§ WORK TASK
The full listing below must be printed exactly, word for word.

[[ SUPPLIED DATA, beginning ]]

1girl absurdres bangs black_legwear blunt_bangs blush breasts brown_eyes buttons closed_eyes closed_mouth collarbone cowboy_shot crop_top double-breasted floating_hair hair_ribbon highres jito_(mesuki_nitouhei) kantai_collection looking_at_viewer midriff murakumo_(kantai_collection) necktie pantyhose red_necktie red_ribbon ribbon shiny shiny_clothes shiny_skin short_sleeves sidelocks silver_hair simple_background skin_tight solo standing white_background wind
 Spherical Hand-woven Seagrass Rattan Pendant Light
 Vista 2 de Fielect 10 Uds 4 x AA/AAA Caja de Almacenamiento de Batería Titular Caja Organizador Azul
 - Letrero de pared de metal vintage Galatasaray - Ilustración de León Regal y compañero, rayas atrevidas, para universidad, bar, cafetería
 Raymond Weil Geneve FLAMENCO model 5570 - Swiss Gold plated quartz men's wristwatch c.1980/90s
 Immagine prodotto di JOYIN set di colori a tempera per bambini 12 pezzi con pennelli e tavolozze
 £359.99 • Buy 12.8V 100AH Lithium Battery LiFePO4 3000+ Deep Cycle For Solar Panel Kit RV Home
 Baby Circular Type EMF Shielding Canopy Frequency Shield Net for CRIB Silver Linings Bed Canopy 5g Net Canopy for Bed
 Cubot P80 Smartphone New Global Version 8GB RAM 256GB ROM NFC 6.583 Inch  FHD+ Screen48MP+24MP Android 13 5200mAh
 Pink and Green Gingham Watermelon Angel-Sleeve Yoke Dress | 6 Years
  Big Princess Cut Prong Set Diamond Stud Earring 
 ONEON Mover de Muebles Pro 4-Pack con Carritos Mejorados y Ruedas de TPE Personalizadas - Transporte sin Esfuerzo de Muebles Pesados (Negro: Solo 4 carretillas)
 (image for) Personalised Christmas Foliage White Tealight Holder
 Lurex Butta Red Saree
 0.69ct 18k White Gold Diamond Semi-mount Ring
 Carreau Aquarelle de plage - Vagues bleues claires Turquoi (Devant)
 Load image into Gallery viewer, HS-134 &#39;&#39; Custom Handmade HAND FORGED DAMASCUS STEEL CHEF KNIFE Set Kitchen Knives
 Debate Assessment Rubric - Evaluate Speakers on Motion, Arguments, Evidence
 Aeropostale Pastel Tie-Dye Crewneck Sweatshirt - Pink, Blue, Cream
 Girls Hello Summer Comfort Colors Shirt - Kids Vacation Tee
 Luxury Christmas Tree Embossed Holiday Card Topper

[[ SUPPLIED DATA, end ]]

§ OUTPUT
1girl absurdres bangs black_legwear blunt_bangs blush breasts brown_eyes buttons closed_eyes closed_mouth collarbone cowboy_shot crop_top double-breasted floating_hair hair_ribbon highres jito_(mesuki_nitouhei) kantai_collection looking_at_viewer midriff murakumo_(kantai_collection) necktie pantyhose red_necktie red_ribbon ribbon shiny shiny_clothes shiny_skin short_sleeves sidelocks silver_hair simple_background skin_tight solo standing white_background wind
 Spherical Hand-woven Seagrass Rattan Pendant Light
 Vista 2 de Fielect 10 Uds 4 x AA/AAA Caja de Almacenamiento de Batería Titular Caja Organizador Azul
 - Letrero de pared de metal vintage Galatasaray - Ilustración de León Regal y compañero, rayas atrevidas, para universidad, bar, cafetería
 Raymond Weil Geneve FLAMENCO model 5570 - Swiss Gold plated quartz men's wristwatch c.1980/90s
 Immagine prodotto di JOYIN set di colori a tempera per bambini 12 pezzi con pennelli e tavolozze
 £359.99 • Buy 12.8V 100AH Lithium Battery LiFePO4 3000+ Deep Cycle For Solar Panel Kit RV Home
 Baby Circular Type EMF Shielding Canopy Frequency Shield Net for CRIB Silver Linings Bed Canopy 5g Net Canopy for Bed
 Cubot P80 Smartphone New Global Version 8GB RAM 256GB ROM NFC 6.583 Inch  FHD+ Screen48MP+24MP Android 13 5200mAh
 Pink and Green Gingham Watermelon Angel-Sleeve Yoke Dress | 6 Years
  Big Princess Cut Prong Set Diamond Stud Earring 
 ONEON Mover de Muebles Pro 4-Pack con Carritos Mejorados y Ruedas de TPE Personalizadas - Transporte sin Esfuerzo de Muebles Pesados (Negro: Solo 4 carretillas)
 (image for) Personalised Christmas Foliage White Tealight Holder
 Lurex Butta Red Saree
 0.69ct 18k White Gold Diamond Semi-mount Ring
 Carreau Aquarelle de plage - Vagues bleues claires Turquoi (Devant)
 Load image into Gallery viewer, HS-134 &#39;&#39; Custom Handmade HAND FORGED DAMASCUS STEEL CHEF KNIFE Set Kitchen Knives
 Debate Assessment Rubric - Evaluate Speakers on Motion, Arguments, Evidence
 Aeropostale Pastel Tie-Dye Crewneck Sweatshirt - Pink, Blue, Cream
 Girls Hello Summer Comfort Colors Shirt - Kids Vacation Tee
 Luxury Christmas Tree Embossed Holiday Card Topper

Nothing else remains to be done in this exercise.